Note Chef, Puppet, and SaltStack could be incorporated in a similar manner.

For this scenario, we are going to provision a single EC2 instance with Terraform. The EC2 instance will have Ansible preinstalled on it and will be configured with an SSH key pair generated through Terraform. Once the server is up and running, we will deploy an Nginx application onto it with Ansible. Finally, we will update the application to simulate a new application deployment.

9.3.2 Code

Jumping right in, we’ll start by declaring the AWS provider. In a new project directory, create a main.tf file with the AWS provider declared at the top.

Listing 9.3 main.tf

provider "aws" {
  region  = "us-west-2"
}

Next, we’ll generate the SSH key pair that we’ll use to configure the EC2 instance. The TLS provider makes this easy. After that, we’ll write the private key to a local file and upload the public key to AWS (see listing 9.4).

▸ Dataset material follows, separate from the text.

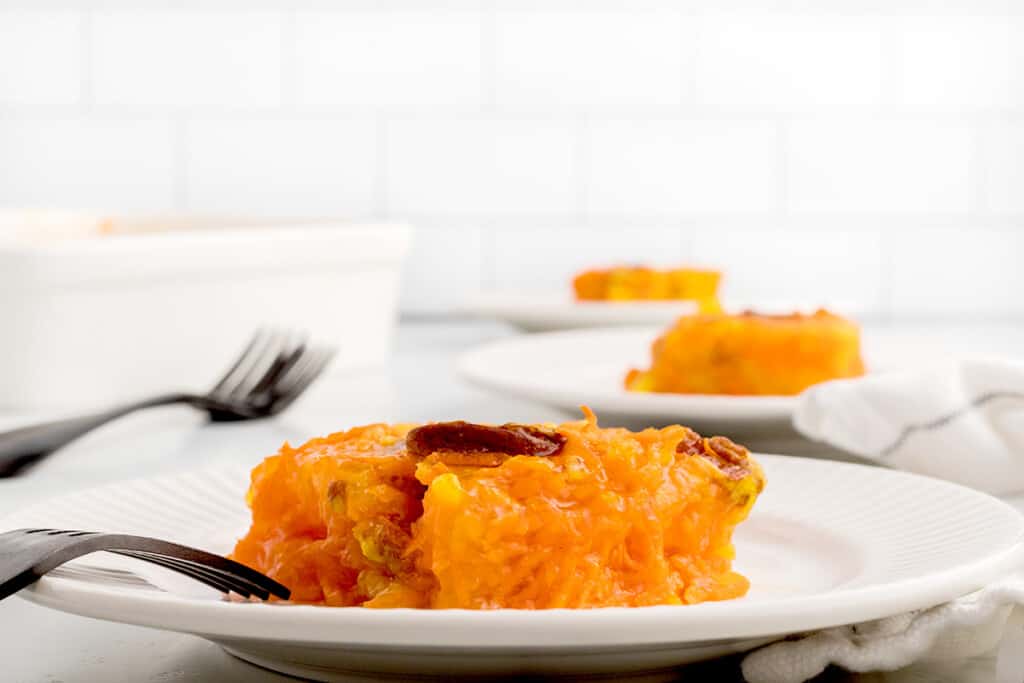 A serving of jello salad on a white plate.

Note Ansible requires SSH access to push software updates. Instead of creating a new SSH key pair, you could reuse an existing one, but it’s good to know how to do this with Terraform, regardless.

Listing 9.4 main.tf

...
resource "tls_private_key" "key" {
  algorithm = "RSA"
}
 
resource "local_file" "private_key" {
  filename          = "${path.module}/ansible-key.pem"
  sensitive_content = tls_private_key.key.private_key_pem
  file_permission   = "0400"
}
 
resource "aws_key_pair" "key_pair" {
  key_name   = "ansible-key"
  public_key = tls_private_key.key.public_key_openssh
}

Configuring SSH means we need to create a security group with access to port 22. Of course, we also need port 80 open to serve HTTP traffic. The configuration code for the AWS security group is shown next.

Listing 9.5 main.tf

...
data "aws_vpc" "default" {
  default = true
}
 
resource "aws_security_group" "allow_ssh" {
  vpc_id = data.aws_vpc.default.id
 
  ingress {
    from_port   = 22
    to_port     = 22
    protocol    = "tcp"
    cidr_blocks = ["0.0.0.0/0"]
  }
 
  ingress {
    from_port   = 80
    to_port     = 80
    protocol    = "tcp"
    cidr_blocks = ["0.0.0.0/0"]
  }
 
  egress {
    from_port   = 0
    to_port     = 0
    protocol    = "-1"
    cidr_blocks = ["0.0.0.0/0"]
  }
}

We also need to get the latest Ubuntu AMI so that we can configure the EC2 instance. This code should be familiar.

Listing 9.6 main.tf

...
data "aws_ami" "ubuntu" {
  most_recent = true
 
  filter {
    name   = "name"
    values = ["ubuntu/images/hvm-ssd/ubuntu-focal-20.04-amd64-server-*"]
  }
 
  owners = ["099720109477"]
}

And now we can configure the EC2 instance.

Listing 9.7 main.tf

...
 
resource "aws_instance" "ansible_server" {
  ami                    = data.aws_ami.ubuntu.id
  instance_type          = "t3.micro"
  vpc_security_group_ids = [aws_security_group.allow_ssh.id]
  key_name               = aws_key_pair.key_pair.key_name
 
  tags = {
    Name = "Ansible Server"
  }
 
  provisioner "remote-exec" {                                              
    inline = [
      "sudo apt update -y",
      "sudo apt install -y software-properties-common",
      "sudo apt-add-repository --yes --update ppa:ansible/ansible",
      "sudo apt install -y ansible"
]
 
    connection {
      type        = "ssh"
      user        = "ubuntu"
      host        = self.public_ip
      private_key = tls_private_key.key.private_key_pem
    }
  }

  provisioner "local-exec" {                                               
    command = "ansible-playbook -u ubuntu --key-file ansible-key.pem -T 300 
     -i '${self.public_ip},', app.yml" 
  }
}

Installs Ansible

Runs the initial playbook

Note The remote-exec provisioner is exactly like a local-exec provisioner, except it first connects to a remote host.

A case for provisioners

I do not usually advocate using resource provisioners because executing arbitrary code from Terraform is generally a bad idea. However, I feel that this is one situation where an exception could be made. Instead of prebaking an image or invoking a user-init script, a remote-exec provisioner performs direct inline commands to update the system and install preliminary software. You also get the logs piped back into Terraform stdout. It’s quick and easy, especially since we already have an SSH key pair on hand.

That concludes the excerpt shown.